Si je suis particulièrement heureux d’être avec vous aujourd’hui, c’est qu’en
trente-trois ans, le « Livre sur la place » est à l’évidence devenu en France
un événement de référence. Le modeste salon des origines a pris une
ampleur remarquable, portée par la Ville de Nancy et ses libraires
regroupés dans l’association « Lire à Nancy » : véritable fête populaire,
avec ses 140 000 visiteurs en 2010, elle est aussi un rendez-vous littéraire
très attendu de ce mois de septembre marqué par la rentrée littéraire, le
moment fort du monde de l’édition française. Le soutien fidèle de
l’Académie Goncourt est un gage d’excellence pour cette manifestation de
grande envergure, avec le parrainage de Jean d’Ormesson pour ses
programmes destinés aux écoliers comme la Nouvelle de la Classe, dont
nous allons procéder au tirage au sort.
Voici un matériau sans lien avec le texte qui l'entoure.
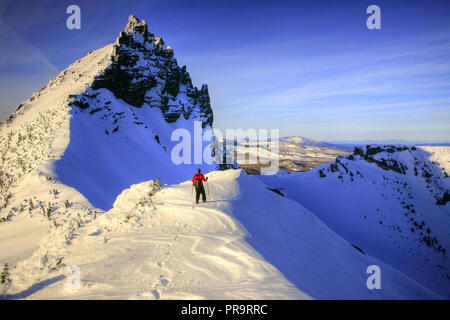 D'alpiniste haut sur les pentes de trois Sœurs Fingered Jack près de Oregon Banque D'Images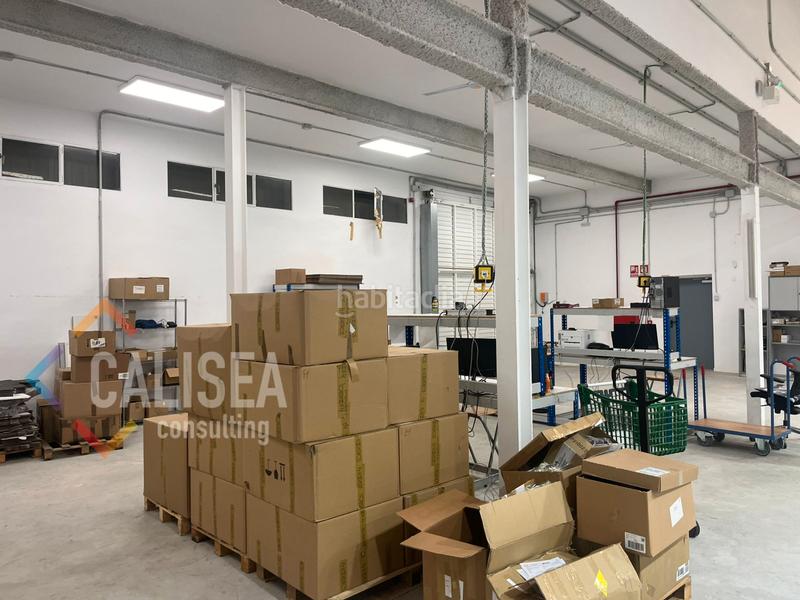 Foto e3fddb2a-b767-409d-8945-1d892df11b9b. Alquiler nave industrial en carrer cantàbria 9 en Barberà del Vallès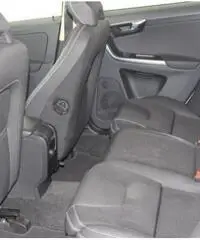 VOLVO XC60 2.4 D 175 CV FWD Geartronic Kinetic VOLVO XC60 2.4 D 175 CV FWD Geartronic Kinetic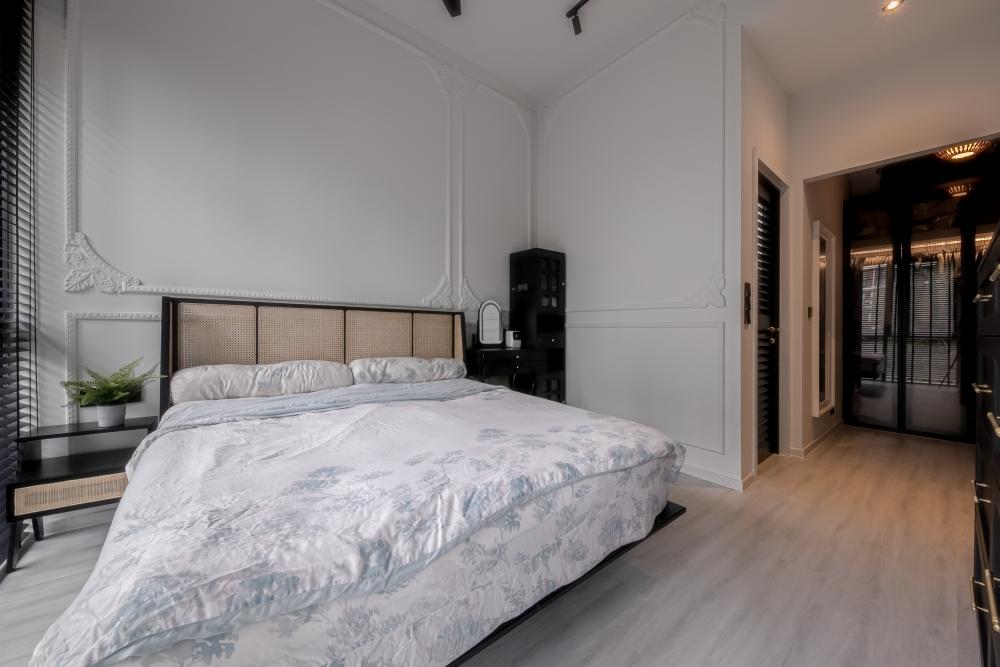 Modern Bedroom with Vinyl Flooring and Flooring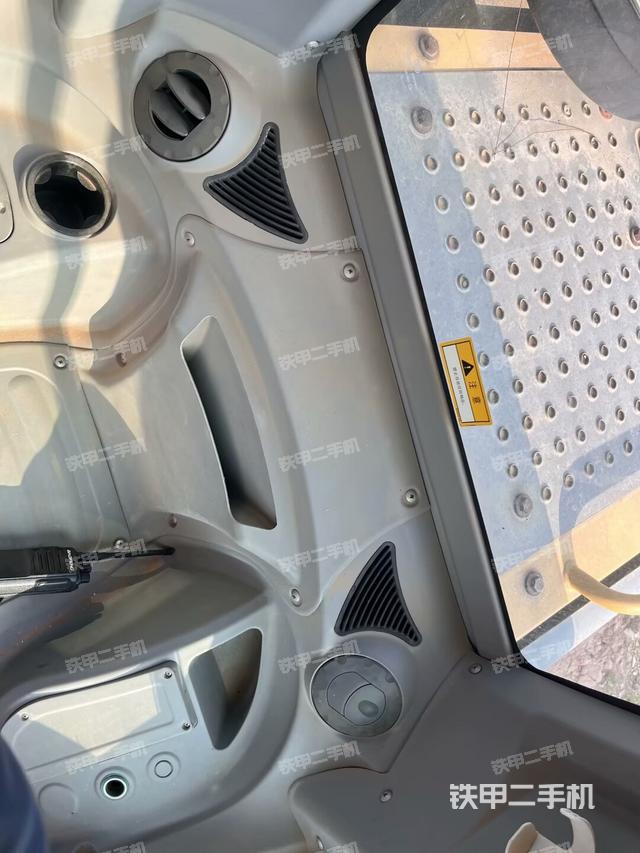 座椅后部（駕駛室部分）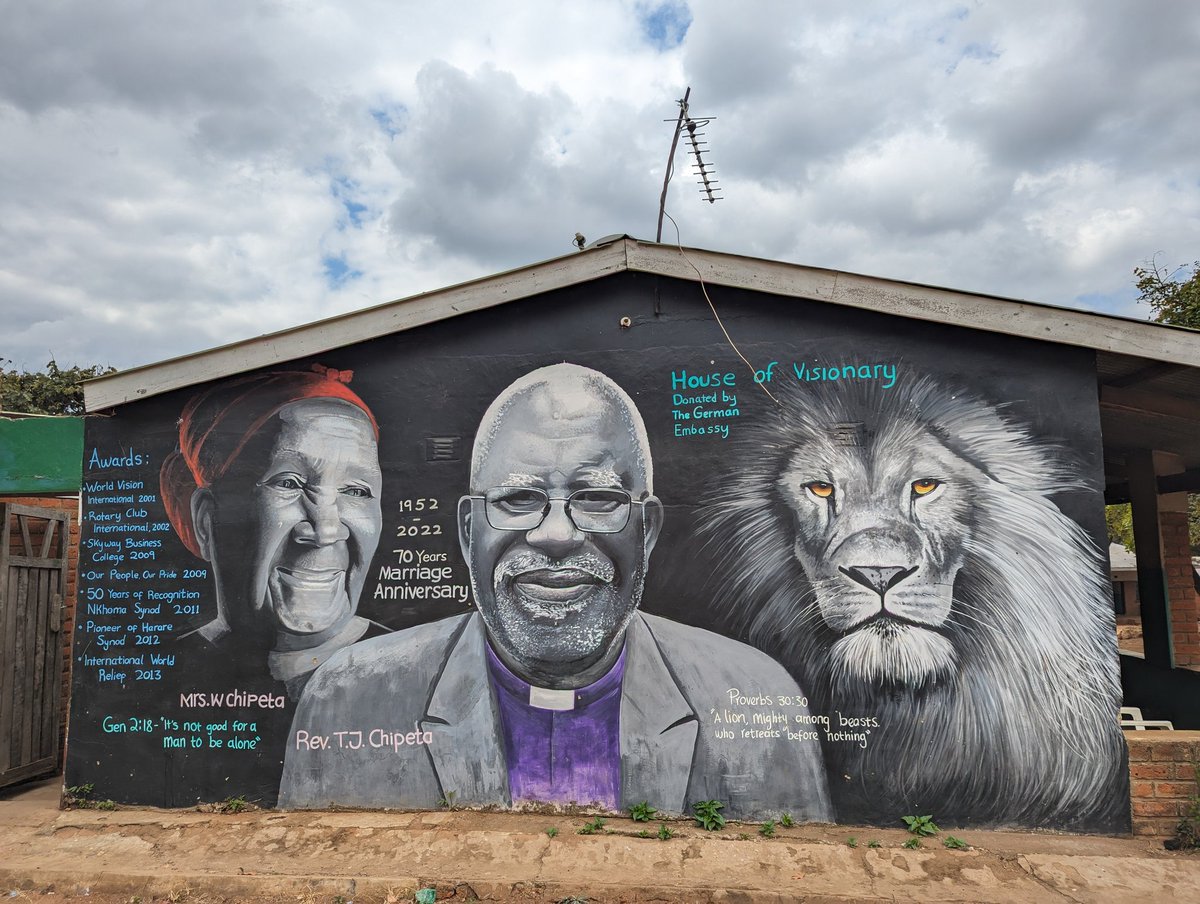 DipakMoses's tweet image. Through @GiftOfChess and story telling I have met Rev.Thompson Chipeta the founder of Home of Hope,a village for Vulnerable and Orphaned children in #Malawi 🇲🇼

👇🏾
@thegiftofchess has gifted Home of Hope with #Chessboards ♟️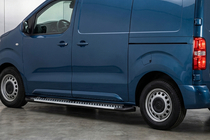 Citroen Jumpy/Dispatch 2017- Estribos Laterales Line (2 uds., Aluminio) foto 1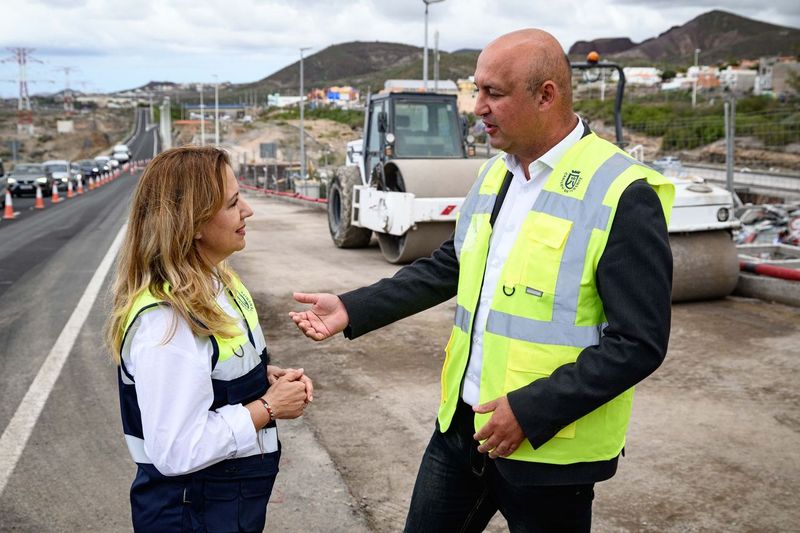 CabildoTenerife's tweet photo. 🚧🛣️ #MOVILIDAD 𝗟𝗮𝘀 𝗼𝗯𝗿𝗮𝘀 𝗱𝗲 𝗺𝗲𝗷𝗼𝗿𝗮 𝗱𝗲 𝗹𝗮 𝗿𝗼𝘁𝗼𝗻𝗱𝗮 𝗱𝗲 𝗦𝗮𝗻 𝗜𝘀𝗶𝗱𝗿𝗼 𝗲𝘀𝘁𝗮𝗿𝗮́𝗻 𝗳𝗶𝗻𝗮𝗹𝗶𝘇𝗮𝗱𝗮𝘀 𝗲𝗻 𝗼𝗰𝘁𝘂𝗯𝗿𝗲.

🚗🛻 Esta actuación permitirá descongestionar 𝘂𝗻𝗮 𝗱𝗲 𝗹𝗮𝘀 𝗿𝗼𝘁𝗼𝗻𝗱𝗮𝘀 𝗺𝗮́𝘀 𝘁𝗿𝗮𝗻𝘀𝗶𝘁𝗮𝗱𝗮𝘀 𝗱𝗲 𝗹𝗮 𝗶𝘀𝗹𝗮 👉🏼 aproximadamente 12.400 vehículos al día.

🚙 Se mejora la 𝘀𝗲𝗴𝘂𝗿𝗶𝗱𝗮𝗱 𝘃𝗶𝗮𝗹 y el 𝘁𝗿𝗮́𝗻𝘀𝗶𝘁𝗼 𝗳𝗹𝘂𝗶𝗱𝗼 hacia los núcleos costeros y turísticos de El Médano, La Tejita y Montaña Roja.

✅ Es una 𝗱𝗲𝗺𝗮𝗻𝗱𝗮 𝗵𝗶𝘀𝘁𝗼́𝗿𝗶𝗰𝗮 de residentes, transportistas y visitantes 👉🏼 permitirá reducir los tiempos de viaje en un 30% en la zona.

𝟯 𝗻𝘂𝗲𝘃𝗼𝘀 𝗰𝗮𝗿𝗿𝗶𝗹𝗲𝘀 ⬇️
🔸 carril directo entre la TF-642 y la TF-64 hacía El Médano
🔸 carril de salida desde la avenida Santa Cruz hacía el sur
🔸 carril extra de entrada a la rotonda de San Isidro desde Santa Cruz

🗣️ @rdavmam, presidenta del Cabildo 👉🏼 "Es una intervención muy importante que contribuirá a descargar una glorieta que está muy saturada, una inversión de 1,5 millones de euros".

ℹ️ https://t.co/CPZbUuhFA2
Le Livre sur la place, c’est aussi le
prix « Livre et droits de l’homme », qui fête ses dix ans, avec Simone Veil
comme présidente ; la remise du prix Goncourt de la biographie ; la
présence de deux grandes figures des lettres antillaises, Suzanne Dracius
et Ernest Pépin, à l’occasion de l’Année des Outre-mer ; le centenaire de la
Maison Gallimard ; un hommage à Jacqueline de Romilly par Marie-
Christine Barrault… Une programmation donc foisonnante, de haut niveau,
qui place le salon de Nancy parmi les principales manifestations en France
qui font honneur au livre, à ses métiers, et à tous ses lecteurs – et qui doit
tant à l’engagement personnel de Madame Françoise Rossinot, conseillère
littéraire de la ville de Nancy.
Nancy a su développer dans le domaine du livre une politique
particulièrement active : outre les programmes destinés aux écoliers du
primaire qui s’éveillent au monde de l’écrit, je pense notamment à la qualité
des actions menées en matière de démocratisation culturelle. Je tiens à
saluer aussi tout particulièrement les quatre librairies qui ont reçu le label
des Librairies indépendantes de référence (LiR) : la Parenthèse, l’une des
plus anciennes en France à s’être dédiée au neuvième art, et cela depuis
1974 ; L’Autre Rive ; la Librairie Didier, bien sûr, à vocation universitaire,
l’une des plus anciennes de Nancy ; la Librairie Stanislas / À la Sorbonne,
que tous les Nancéiens connaissent bien, et qui a joué un rôle important
lors de la création de « Livre sur la Place ».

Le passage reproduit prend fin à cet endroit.